**PROBLEM TO WORK ON**
Give the entries below again, word for word, and leave out the images.

**RECORD EXTRACTS**
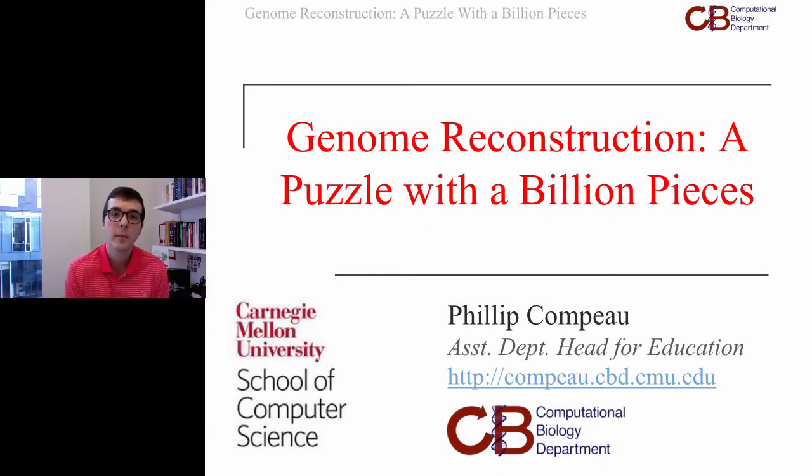Hello, my name is Philip Campo. I'm an assistant department head for education here in Carnegie Mellon's computational biology department. We're here in Carnegie Mellon's world-leading school of computer science, and I wanted to give you a talk today because a lot of people that I talk to don't know a whole lot about computational biology.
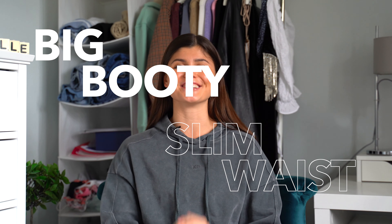Hey, what's up guys and welcome back to my channel. Today I'm going to be answering a question which I'm asked multiple times every single day. I'm going to be providing you with all of the things you need to achieve that big booty slim waist look.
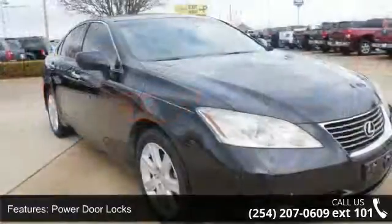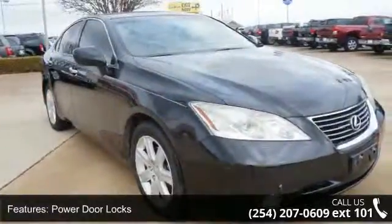Let us put you in the driver's seat today. Call or click to contact your dealership.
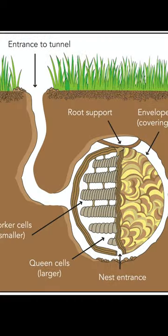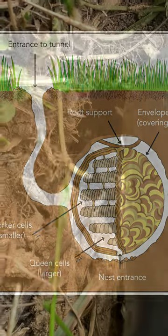They typically build their nest underground in old root cavities or old rodent dens that they expand throughout the season, and their nests can contain thousands of wasps.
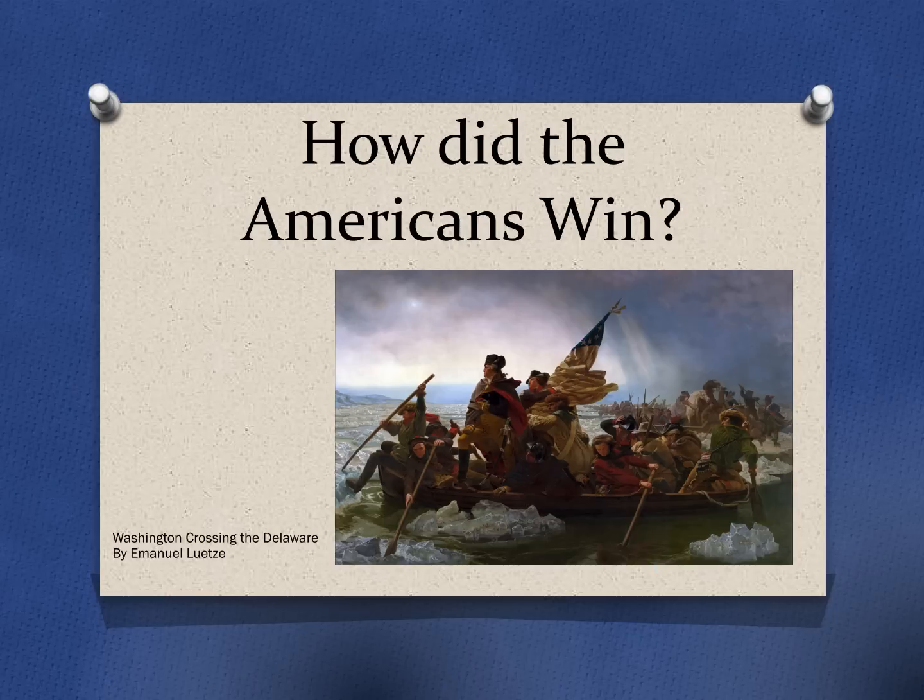Our last set of notes for this unit covers how the Americans were able to win. Certainly at the start of the war, the British were the heavy, heavy favorites — strongest army, strongest navy in the world. The Americans were just a rag-tag group of militiamen: farmers and blacksmiths and masons who were trying to stand up to the might of the British Empire. But yet we know the Americans do win. So this set of notes is going to bring the unit together by examining how that happened.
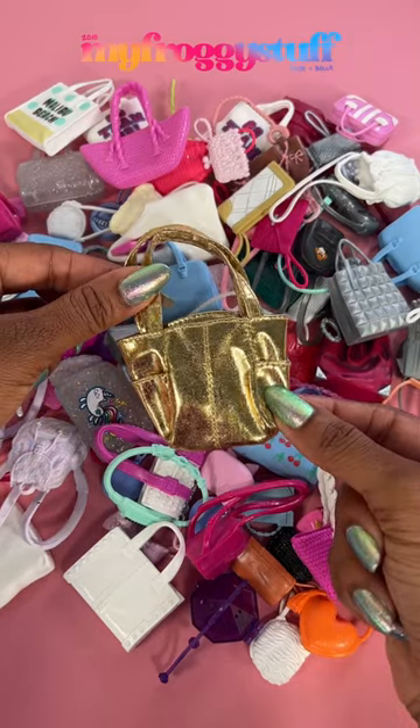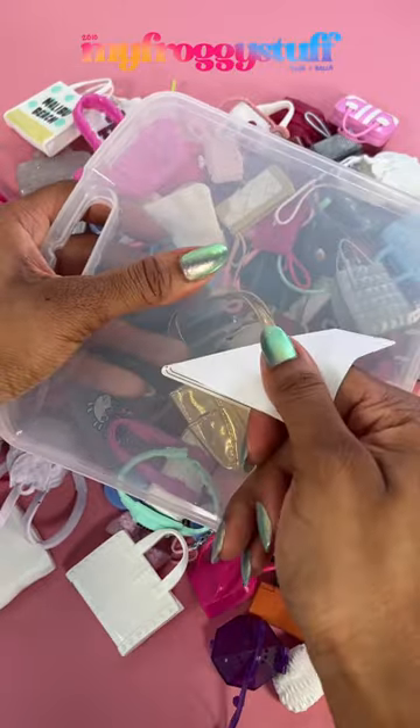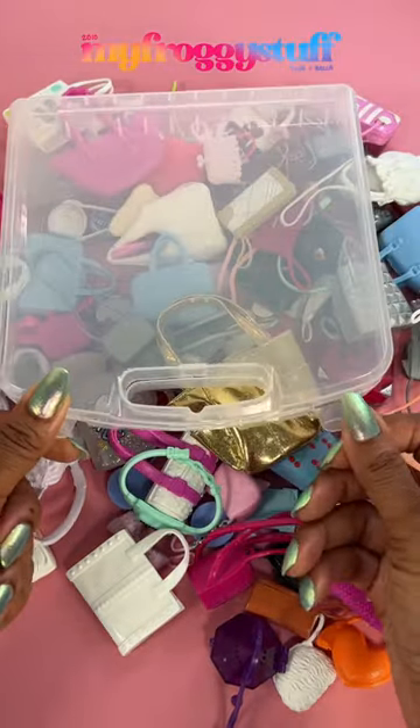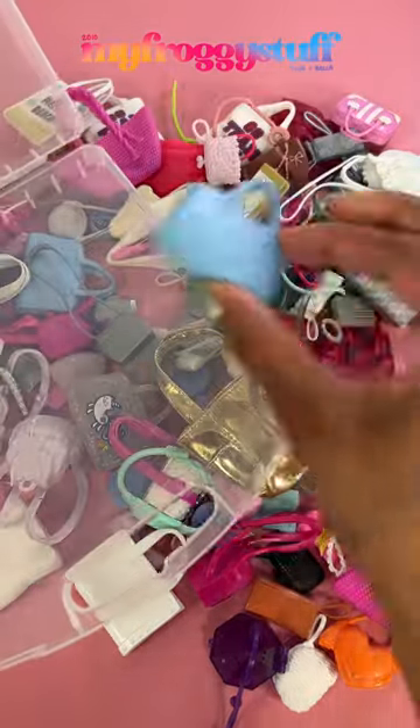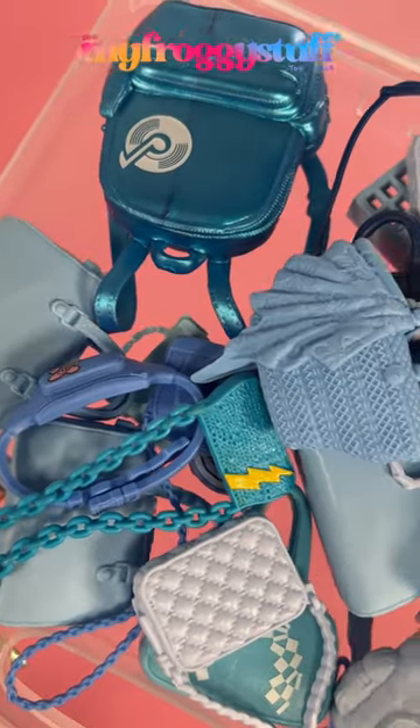Here is a doll storage idea. I found these marker storage containers at the dollar store for $1.25. I thought we could use them to hold our doll purses and handbags. I am sorting by color to organize my doll stuff so I can always find what I'm looking for.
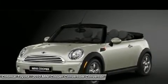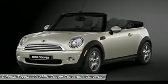A vehicle like this doesn't come along every day. Come in and get it before someone else does.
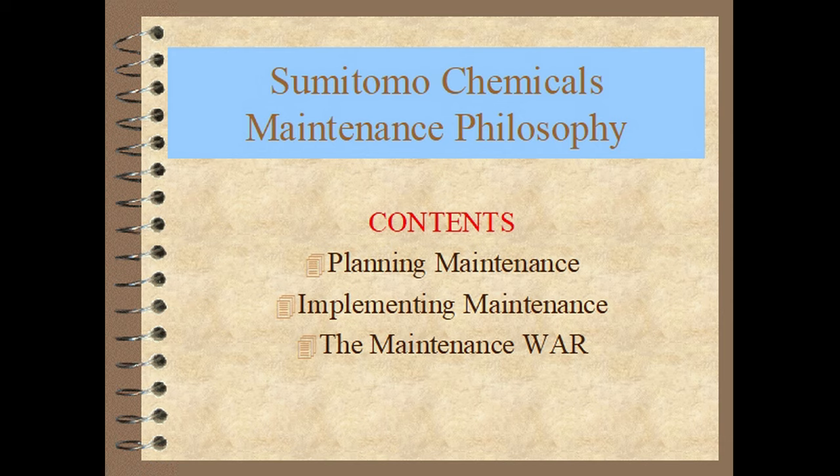In August 2002 I spent a week in Japan at the chemical plant of the internationally renowned chemical manufacturer Sumitomo Chemicals. While there I asked them about how they do their maintenance. They told me about their maintenance philosophy. I want to pass on to you what I learned on that trip about the Japanese way of doing maintenance.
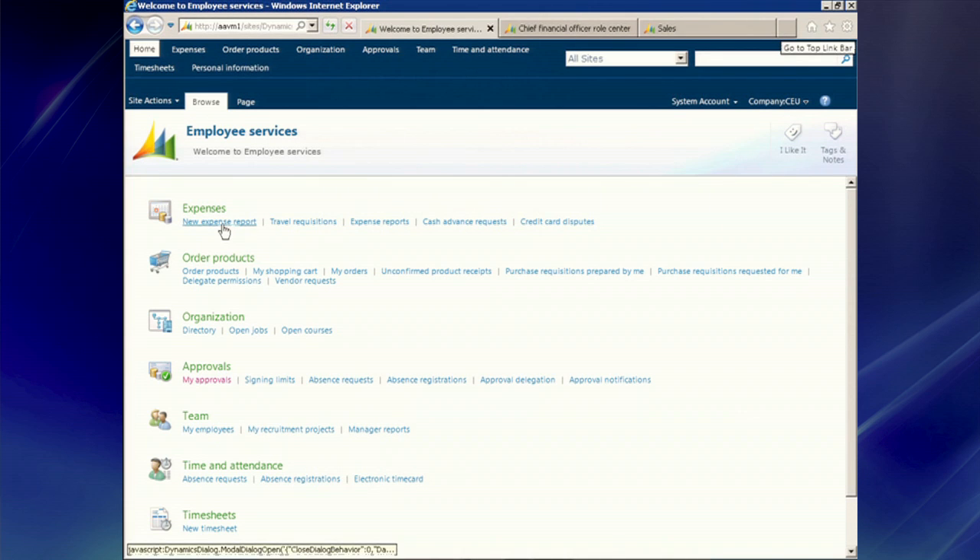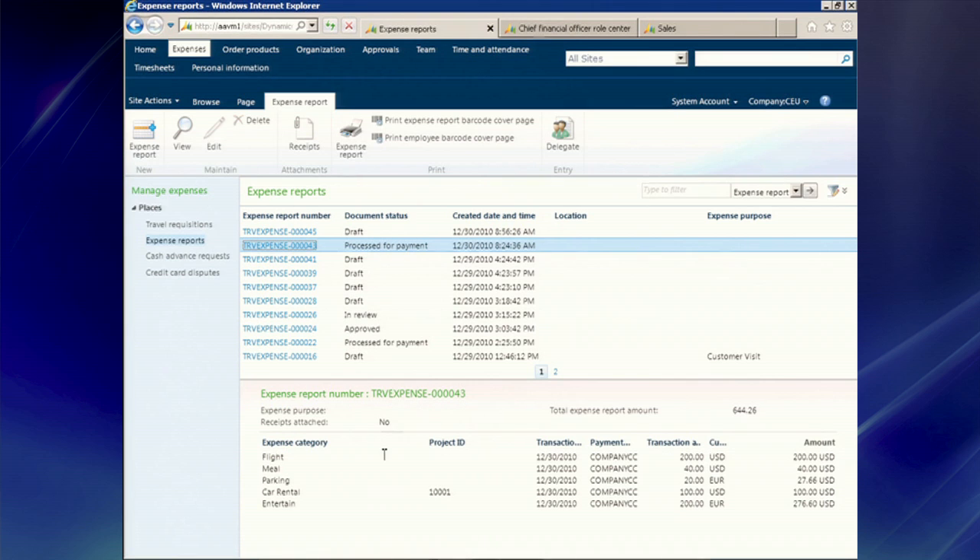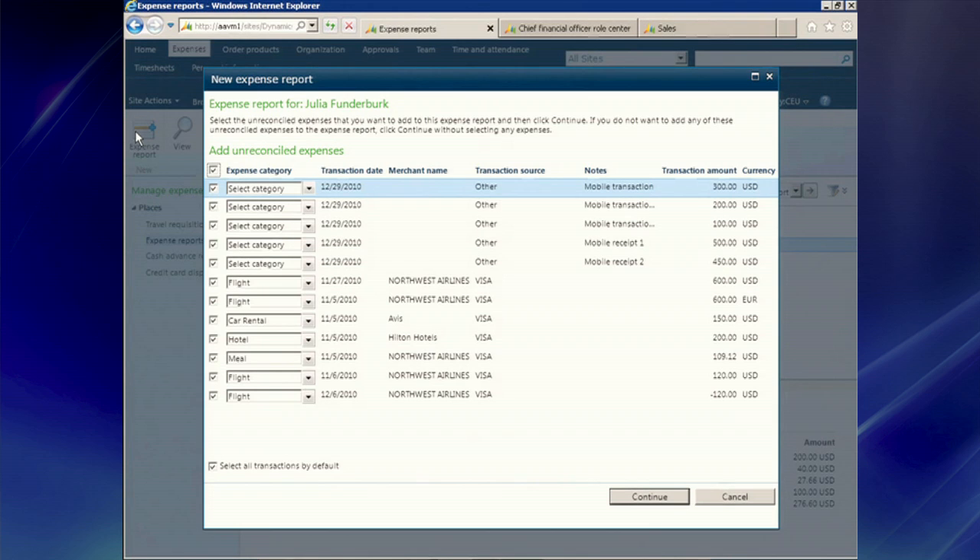I want to enter an expense report, so I can click on this link here. Once I clicked on that expense link, here I see a list of all the expense reports I've filed in the past. I can see their status — whether they're processed or waiting on something. When I select one, I can see the details at the bottom, all the charges I've entered. Now let's say I want to create a new one. You see a ribbon at the top — this is the SharePoint or Microsoft Office ribbon layout. It really improves discoverability of buttons and actions. So I click the New button, and the system pulled all this data from my credit card and automatically put it here so I can pick and choose which charges I want for this expense report. It also assigns categories where possible — you see there's flight charges and car rental charges.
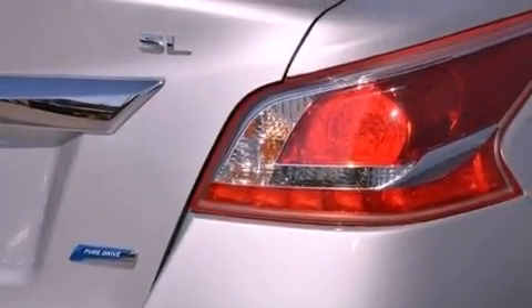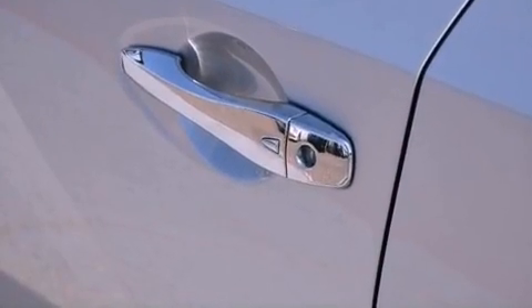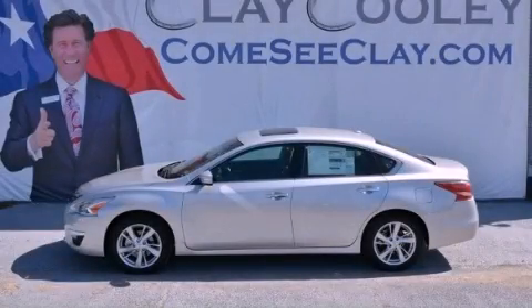With an EPA estimated rating of 38 miles per gallon on the highway, this automobile pays off in the long run. Contact us today to schedule your opportunity to see this automobile in person.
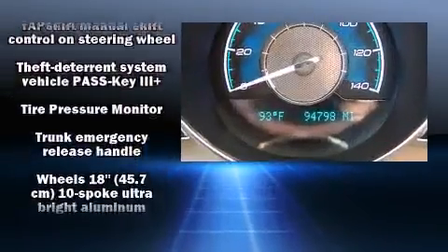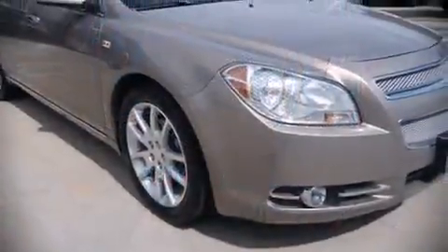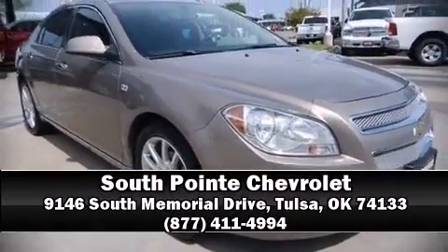It also arrives with a Carfax History Report, providing you peace of mind with detailed information. Please don't hesitate to give us a call.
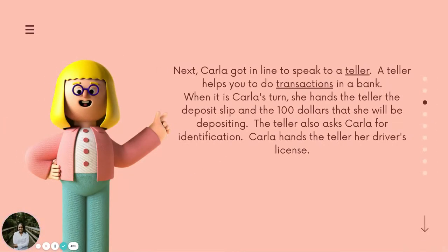Next, Carla got in line to speak to a teller. A teller helps you to do transactions in a bank.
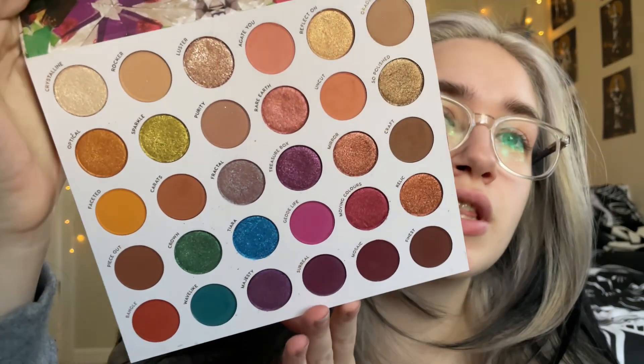We're doing a palette bingo with the Play Jewel palette by Color Pop. I'm pretty sure this is my first time ever actually using this. I got it in a Color Pop mystery box, which was a long time ago. There are 30 shades in this palette — we're gonna use our random number generator. I usually do like five or six, so we'll start with five and maybe do six.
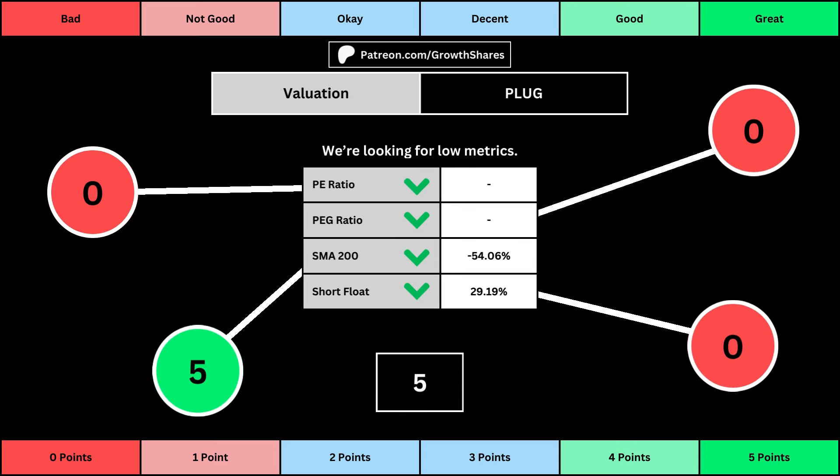This third set of metrics deals with the valuation of the company's stock based on its business. Think of the P/E ratio as a measure of speculation around the stock — we want it low. The PEG ratio adds earnings growth with the P/E ratio. Then the 200-day simple moving average is the average stock price over that period, and we want that low because it means we have a cheaper stock price. Short float is basically how bearish other investors think of the stock. For these four metrics, we want the values to be as low as possible, which will give us a higher point total within the bubbles.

**SOLUTION FOR THIS PROBLEM**
Hello, my name is Philip Campo. I'm an assistant department head for education here in Carnegie Mellon's computational biology department. We're here in Carnegie Mellon's world-leading school of computer science, and I wanted to give you a talk today because a lot of people that I talk to don't know a whole lot about computational biology.
Hey, what's up guys and welcome back to my channel. Today I'm going to be answering a question which I'm asked multiple times every single day. I'm going to be providing you with all of the things you need to achieve that big booty slim waist look.
Let us put you in the driver's seat today. Call or click to contact your dealership.
They typically build their nest underground in old root cavities or old rodent dens that they expand throughout the season, and their nests can contain thousands of wasps.
Our last set of notes for this unit covers how the Americans were able to win. Certainly at the start of the war, the British were the heavy, heavy favorites — strongest army, strongest navy in the world. The Americans were just a rag-tag group of militiamen: farmers and blacksmiths and masons who were trying to stand up to the might of the British Empire. But yet we know the Americans do win. So this set of notes is going to bring the unit together by examining how that happened.
Here is a doll storage idea. I found these marker storage containers at the dollar store for $1.25. I thought we could use them to hold our doll purses and handbags. I am sorting by color to organize my doll stuff so I can always find what I'm looking for.
A vehicle like this doesn't come along every day. Come in and get it before someone else does.
In August 2002 I spent a week in Japan at the chemical plant of the internationally renowned chemical manufacturer Sumitomo Chemicals. While there I asked them about how they do their maintenance. They told me about their maintenance philosophy. I want to pass on to you what I learned on that trip about the Japanese way of doing maintenance.
I want to enter an expense report, so I can click on this link here. Once I clicked on that expense link, here I see a list of all the expense reports I've filed in the past. I can see their status — whether they're processed or waiting on something. When I select one, I can see the details at the bottom, all the charges I've entered. Now let's say I want to create a new one. You see a ribbon at the top — this is the SharePoint or Microsoft Office ribbon layout. It really improves discoverability of buttons and actions. So I click the New button, and the system pulled all this data from my credit card and automatically put it here so I can pick and choose which charges I want for this expense report. It also assigns categories where possible — you see there's flight charges and car rental charges.
With an EPA estimated rating of 38 miles per gallon on the highway, this automobile pays off in the long run. Contact us today to schedule your opportunity to see this automobile in person.
It also arrives with a Carfax History Report, providing you peace of mind with detailed information. Please don't hesitate to give us a call.
Next, Carla got in line to speak to a teller. A teller helps you to do transactions in a bank.
We're doing a palette bingo with the Play Jewel palette by Color Pop. I'm pretty sure this is my first time ever actually using this. I got it in a Color Pop mystery box, which was a long time ago. There are 30 shades in this palette — we're gonna use our random number generator. I usually do like five or six, so we'll start with five and maybe do six.
This third set of metrics deals with the valuation of the company's stock based on its business. Think of the P/E ratio as a measure of speculation around the stock — we want it low. The PEG ratio adds earnings growth with the P/E ratio. Then the 200-day simple moving average is the average stock price over that period, and we want that low because it means we have a cheaper stock price. Short float is basically how bearish other investors think of the stock. For these four metrics, we want the values to be as low as possible, which will give us a higher point total within the bubbles.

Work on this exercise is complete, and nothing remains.